CBG (cannabigerol) has a different profile: it acts on 5-HT1A and alpha-2 adrenergic receptors, reported as more "daytime," supporting attention. Cannova CBG oil 15% for 240 PLN provides about 7.5 mg of CBG per drop. For those preferring a faster onset of action in vaporized form, there is Mars CBD 9% flower for 59 PLN, with effective bioavailability of 30-40% through vaporization.

Observation at u Bucha: In our conversations with clients, we notice that people seeking "natural alternatives" to antidepressants often confuse CBD with psychedelics. CBD is not "psilocybin without the law"; it is a different mechanism (endocannabinoid, 5-HT1A, TRPV1). It may support sleep and reduce tension in some individuals, but it does not replace psychotherapy or SSRIs in clinical depression. The best effects are seen in clients who combine CBD with regular therapy, movement, and sleep hygiene.

Legal options for mental health support in Poland: CBT (average reduction in the Beck Depression Inventory of 8.6 points after 12-16 sessions) (The Lancet Psychiatry, 2023), SSRIs/SNRIs, esketamine in treatment-resistant depression (EMA, 2019), CBD 25-75 mg in anxiety (PMC Permanente Journal, 2019). Key: consultation with a psychiatrist before any treatment change.
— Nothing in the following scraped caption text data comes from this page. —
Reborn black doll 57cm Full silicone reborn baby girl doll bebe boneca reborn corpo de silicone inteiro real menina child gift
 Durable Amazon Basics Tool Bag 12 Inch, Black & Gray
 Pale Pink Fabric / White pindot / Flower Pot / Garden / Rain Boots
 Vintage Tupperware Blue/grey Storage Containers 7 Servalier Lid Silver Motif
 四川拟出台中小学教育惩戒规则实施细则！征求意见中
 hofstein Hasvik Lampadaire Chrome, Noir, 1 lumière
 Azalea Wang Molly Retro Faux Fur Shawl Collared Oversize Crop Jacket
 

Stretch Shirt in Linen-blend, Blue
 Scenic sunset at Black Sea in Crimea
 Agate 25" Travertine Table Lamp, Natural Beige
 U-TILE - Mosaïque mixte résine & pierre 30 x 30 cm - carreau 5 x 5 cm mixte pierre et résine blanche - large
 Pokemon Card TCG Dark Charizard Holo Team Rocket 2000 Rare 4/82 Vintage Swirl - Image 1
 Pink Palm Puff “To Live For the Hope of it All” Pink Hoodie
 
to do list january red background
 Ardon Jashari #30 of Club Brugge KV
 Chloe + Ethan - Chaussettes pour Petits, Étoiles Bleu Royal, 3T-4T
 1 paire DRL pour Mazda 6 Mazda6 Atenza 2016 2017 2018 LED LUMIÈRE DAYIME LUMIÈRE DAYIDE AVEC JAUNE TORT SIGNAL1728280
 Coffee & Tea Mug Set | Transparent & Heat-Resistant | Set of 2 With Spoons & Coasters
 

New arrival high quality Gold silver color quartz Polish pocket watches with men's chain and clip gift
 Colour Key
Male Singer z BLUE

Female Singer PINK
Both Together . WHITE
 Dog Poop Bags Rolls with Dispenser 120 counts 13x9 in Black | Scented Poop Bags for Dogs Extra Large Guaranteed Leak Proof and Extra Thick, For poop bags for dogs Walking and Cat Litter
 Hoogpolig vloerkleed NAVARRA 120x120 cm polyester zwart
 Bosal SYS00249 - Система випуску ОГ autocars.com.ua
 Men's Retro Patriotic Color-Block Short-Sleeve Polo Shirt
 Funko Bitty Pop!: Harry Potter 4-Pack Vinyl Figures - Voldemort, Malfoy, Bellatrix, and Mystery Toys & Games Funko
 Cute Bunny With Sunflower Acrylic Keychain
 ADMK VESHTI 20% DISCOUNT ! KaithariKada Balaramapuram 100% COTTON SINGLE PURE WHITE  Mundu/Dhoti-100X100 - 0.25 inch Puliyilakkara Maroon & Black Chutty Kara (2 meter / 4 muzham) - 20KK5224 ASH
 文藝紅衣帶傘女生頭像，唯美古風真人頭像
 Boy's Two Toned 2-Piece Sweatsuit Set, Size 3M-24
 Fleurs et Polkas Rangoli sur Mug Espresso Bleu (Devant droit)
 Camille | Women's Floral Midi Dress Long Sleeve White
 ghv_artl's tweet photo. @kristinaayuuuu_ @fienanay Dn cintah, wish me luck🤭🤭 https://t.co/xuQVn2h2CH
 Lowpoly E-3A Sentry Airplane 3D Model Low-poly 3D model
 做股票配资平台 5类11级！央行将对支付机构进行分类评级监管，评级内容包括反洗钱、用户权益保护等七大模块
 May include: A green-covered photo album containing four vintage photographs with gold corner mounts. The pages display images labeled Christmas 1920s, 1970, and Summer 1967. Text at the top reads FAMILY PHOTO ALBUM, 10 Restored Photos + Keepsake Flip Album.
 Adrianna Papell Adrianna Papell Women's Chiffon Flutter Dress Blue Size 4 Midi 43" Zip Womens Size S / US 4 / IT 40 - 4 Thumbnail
What is the place of psilocybin microdosing in depression treatment?

Microdosing psilocybin is a separate topic from full-dose therapy. It involves taking 0.1-0.3 g of dried mushrooms (1/10-1/20 of the psychoactive dose), usually every 3 days for 4-8 weeks. Szigeti 2021 in eLife (n=191, Imperial College, self-blind RCT) showed that individuals microdosing psilocybin or LSD and those on placebo reported nearly identical mood improvements after 4 weeks (eLife, 2021). The dominant component is expectations.

This does not mean that the effect does not exist. Placebo in psychiatry accounts for 30-50% of therapeutic response, which is a real clinical change. But as of now, we have no evidence that psilocybin microdosing has a pharmacological effect significantly different from placebo. Proof-of-concept studies are ongoing in Cambridge (BJPsych Open), but results have not yet been published in peer-reviewed form.

Why is microdosing still popular?

The popularity of microdosing has its roots in Silicon Valley culture (Fadiman 2011), reinforced by social media and the subreddit r/microdosing (>280,000 members in 2024), as well as the narrative of a "natural lifestyle hack." Some users report improvements in mood, concentration, and creativity. Rootman 2021 in Scientific Reports collected data from 8,500 users of the Quantified Citizen app, observing improvements in mood but also an increase in neuroticism.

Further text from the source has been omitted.